**TASK**
Give all of the data again exactly as written, omitting every image.

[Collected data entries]
= Beginning of Section =

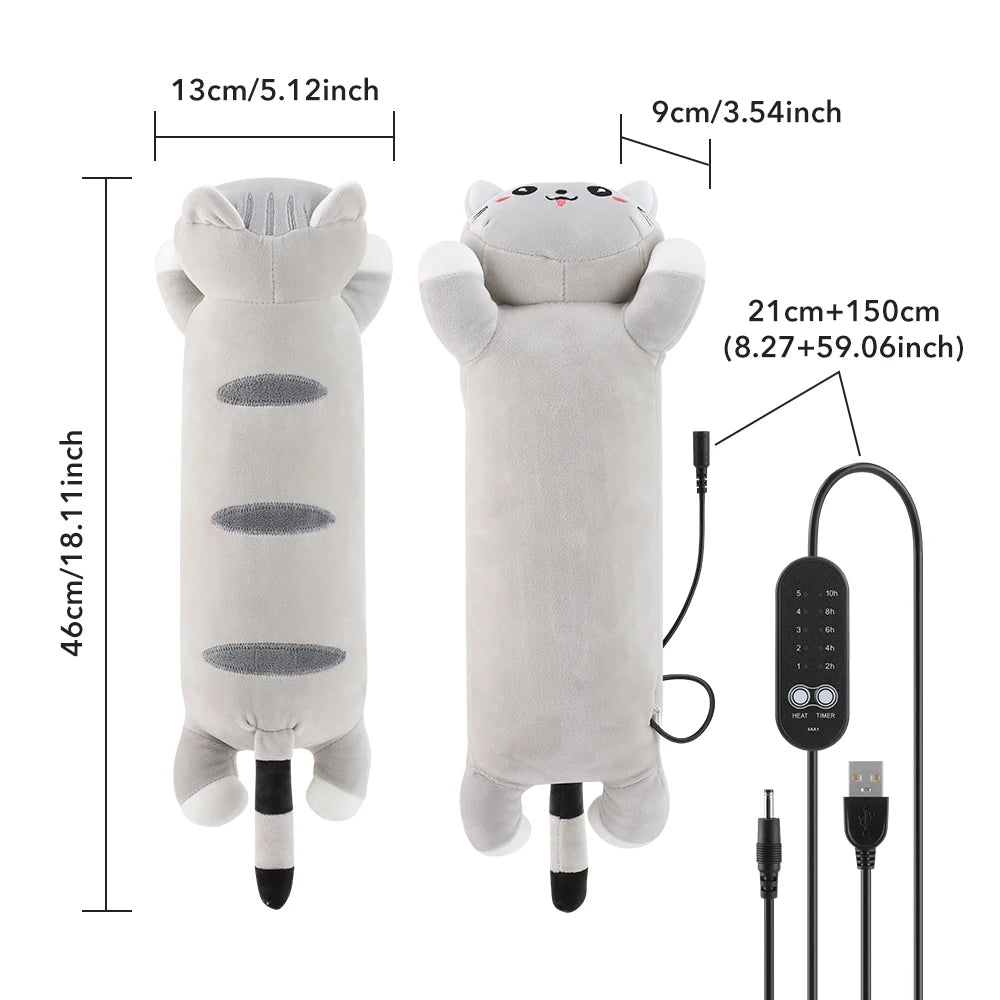 Cute Cat Plush Heating Pad with Adjustable Heat and Timer
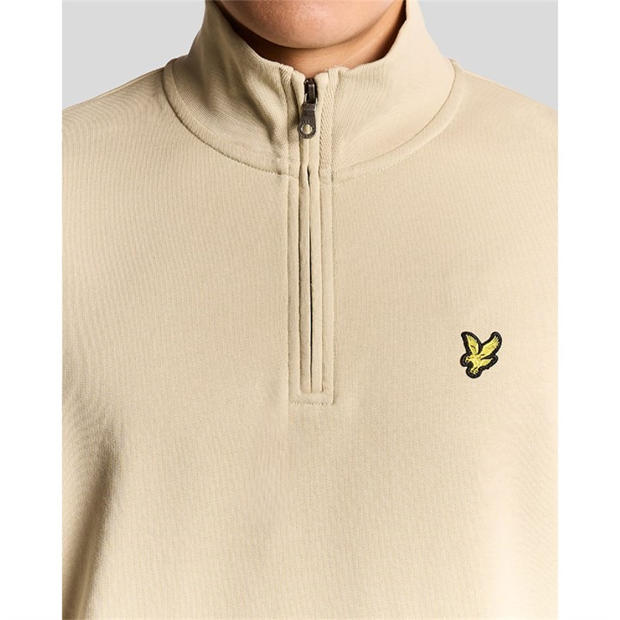 Brown - Lyle and Scott - Loopback Quarter Zip Sweatshirt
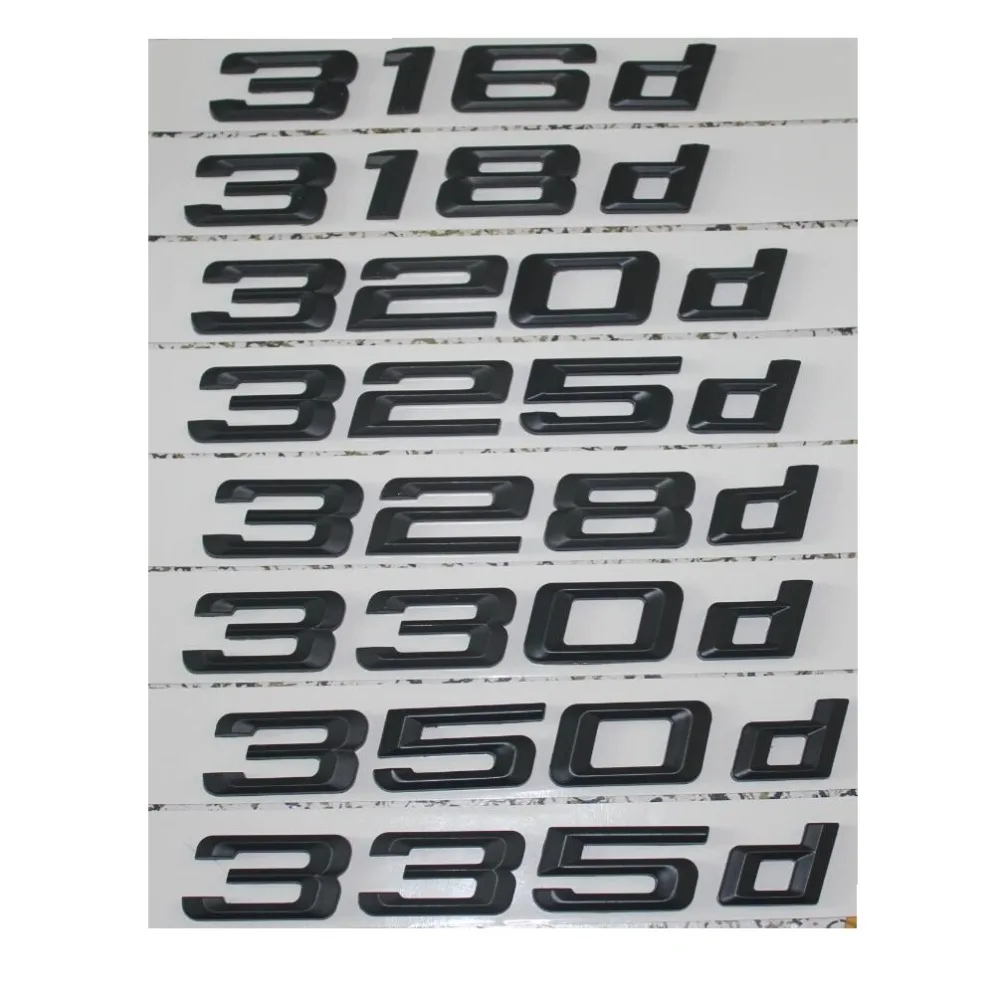 Matt Black 316d 318d 320d 325d 328d 330d 335d Car Emblems Rear Number Letters Badges for BMW 3 Series E90 E46 E91 E92 E93 F30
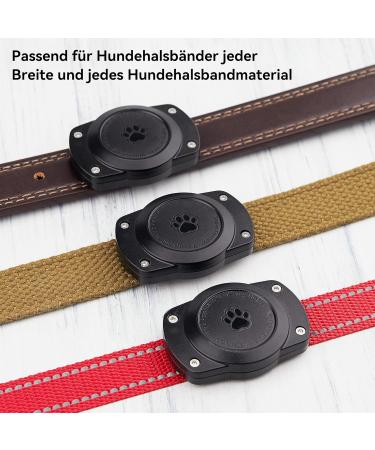 IPX8 Waterproof Airtag Dog Collar Holder - Universal Bracket for Airtag Dog & Cat Neck Bands (2 Pack - Black) - Buy Online on GoSupps.com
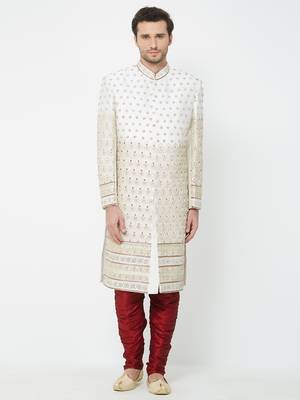 White Embroidered Art Silk Sherwani 1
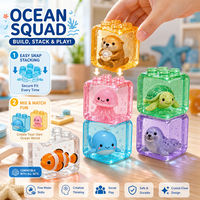 Lot de 6 blocs de construction modulaires empilables en forme d'animaux marins en cristal de sucre, jouets sensoriels anti-stress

= End of Section =

**WORKED SOLUTION**
 Cute Cat Plush Heating Pad with Adjustable Heat and Timer
 Brown - Lyle and Scott - Loopback Quarter Zip Sweatshirt
 Matt Black 316d 318d 320d 325d 328d 330d 335d Car Emblems Rear Number Letters Badges for BMW 3 Series E90 E46 E91 E92 E93 F30
 IPX8 Waterproof Airtag Dog Collar Holder - Universal Bracket for Airtag Dog & Cat Neck Bands (2 Pack - Black) - Buy Online on GoSupps.com
 White Embroidered Art Silk Sherwani 1
 Lot de 6 blocs de construction modulaires empilables en forme d'animaux marins en cristal de sucre, jouets sensoriels anti-stress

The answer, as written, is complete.